Growth has also been driven by what Netflix describes as “content connoisseurs”. Wanting to avoid expensive cable or satellite multichannel “bundles”, these tastemakers previously sourced high-quality content wherever they could find it, often illegally. According to a Netflix insider, these influencers came to the firm early and helped it grow, by telling their friends on social media what they were watching.
But it’s really in the area of data mining that Netflix has been able to leverage both first-mover advantage and technological edge. Personalised recommendations, for instance, save viewers from having to sift through hundreds of titles in the Netflix catalogue as they search for something to watch.

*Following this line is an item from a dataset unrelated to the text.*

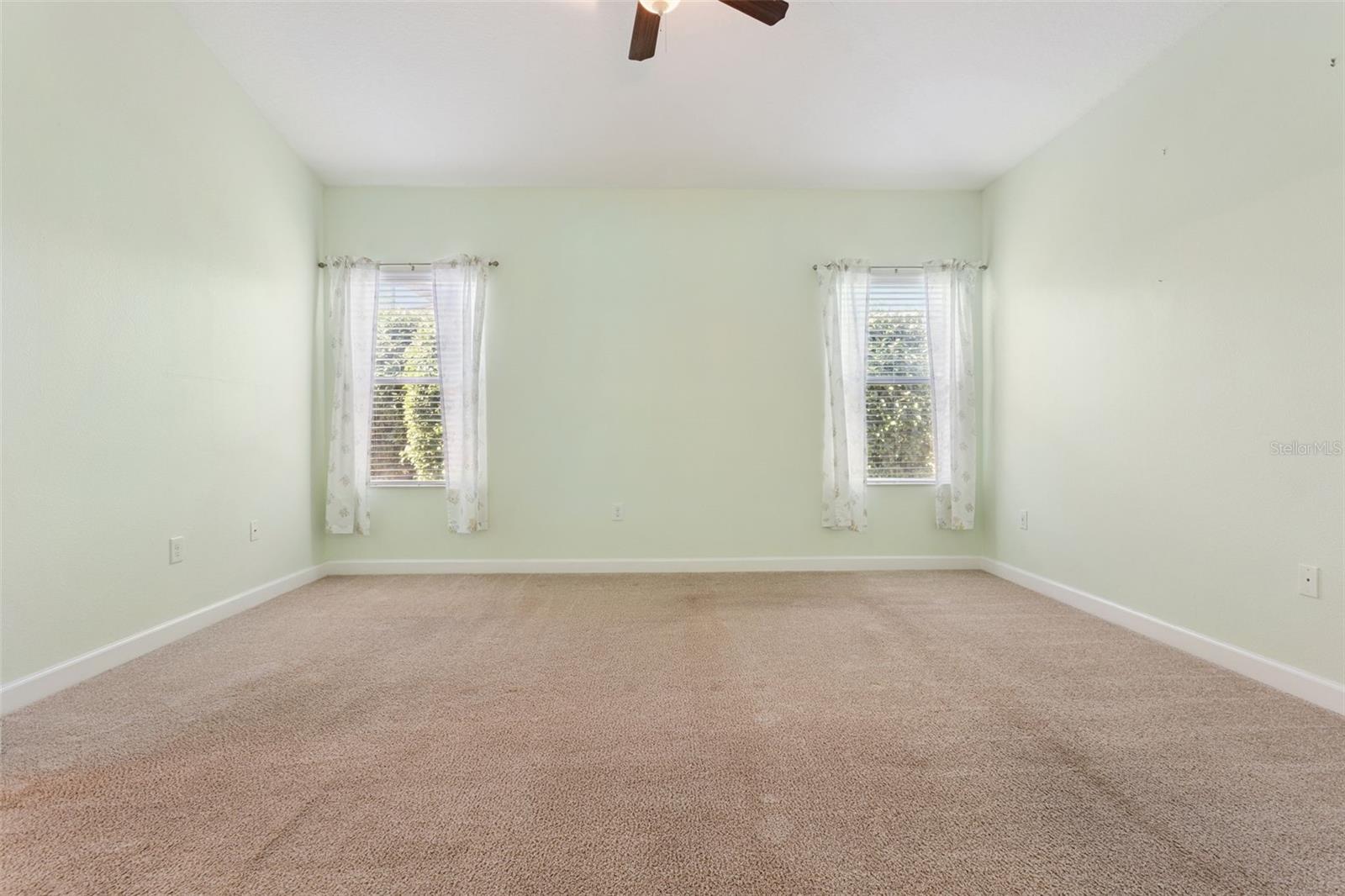 TRADITIONS PH 02 - Residential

Similarly, the tool means the service isn’t restricted to offering members its latest or most popular content. It uses data to find an individual viewer’s Netflix “doppelganger” — someone, who could be anywhere where the platform is available, who also feasts on weekend binges of The Walking Dead and maybe an episode or two of Orange Is the New Black, plus wildlife documentaries on Sundays. Netflix analyses the titles a doppelganger has watched that the first viewer hasn’t and offers those. This sort of personalisation is always iterating, Hunt says. From 2007 to 2009, Netflix held open competitions to crowdsource improvements to its predictive ratings algorithms, which resulted in the award of $1 million (£600,0000) to a team that devised an algorithm named “Pragmatic Chaos” (although it was never implemented).

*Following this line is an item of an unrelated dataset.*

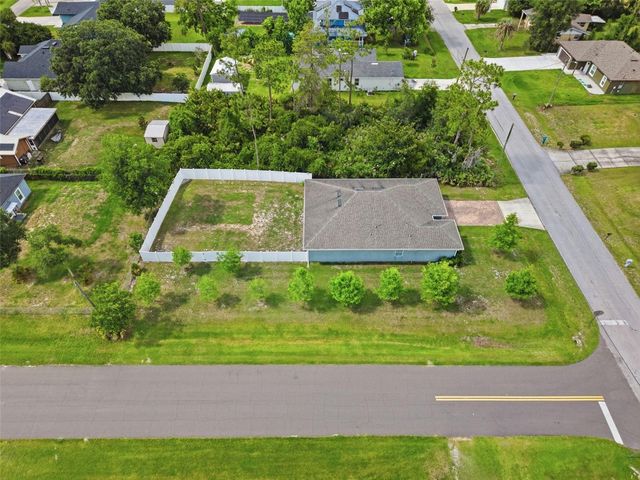 1800 3RD AVENUE, Deland, FL 32724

“Since then we’ve come a great deal further,” Hunt says. “With a streaming service, we get a lot of signals about what and how people are watching and enjoying. For example, if you start something and abandon it in a few minutes, that’s a pretty negative signal. If you watch an episode actively to the end, with occasional pauses and rewinds, then power down your device, you were clearly there and engaged all the way through. Plus we know what we’ve shown to you — we know what we put on the screen as possibilities for you, what you snapped up or passed over in favour of something else. All of those of signals, put together, allow us to use a variety of algorithms to produce Top Picks lists, Popular on Netflix lists, and also to produce the micro genres, the rows of things like ‘Featuring a strong female lead based on a book’.”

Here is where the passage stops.